* _RECORDS TO PROCESS_:
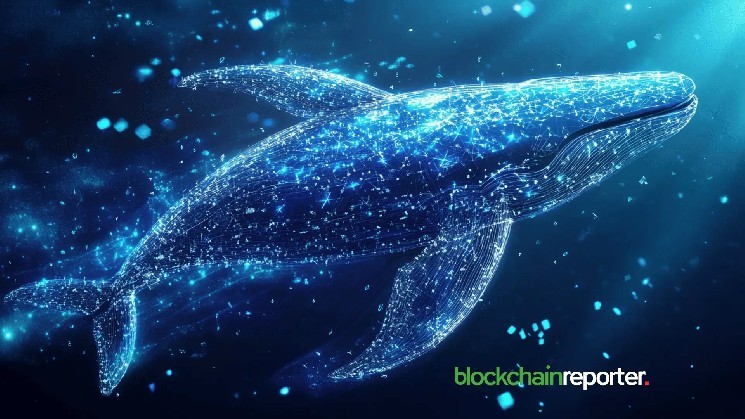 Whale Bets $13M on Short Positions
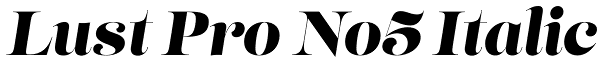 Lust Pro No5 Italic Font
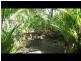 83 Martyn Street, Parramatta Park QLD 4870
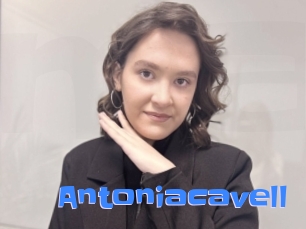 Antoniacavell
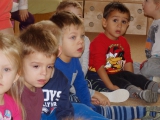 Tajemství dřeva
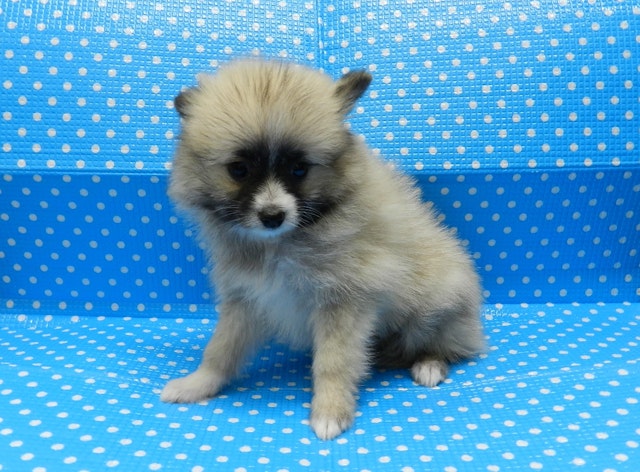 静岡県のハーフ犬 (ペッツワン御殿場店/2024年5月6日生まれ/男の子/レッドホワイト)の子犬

...

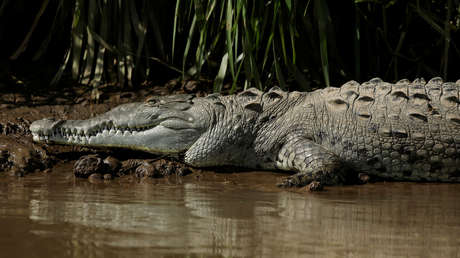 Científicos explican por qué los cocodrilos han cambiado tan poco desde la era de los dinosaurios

* _TASK STATEMENT_: With the pictures omitted, print the lines above exactly, beginning at the line with "Tajemství dřeva" and going on through the line with "静岡県のハーフ犬 (ペッツワ".

* _EXPECTED ANSWER_:
 Tajemství dřeva
 静岡県のハーフ犬 (ペッツワン御殿場店/2024年5月6日生まれ/男の子/レッドホワイト)の子犬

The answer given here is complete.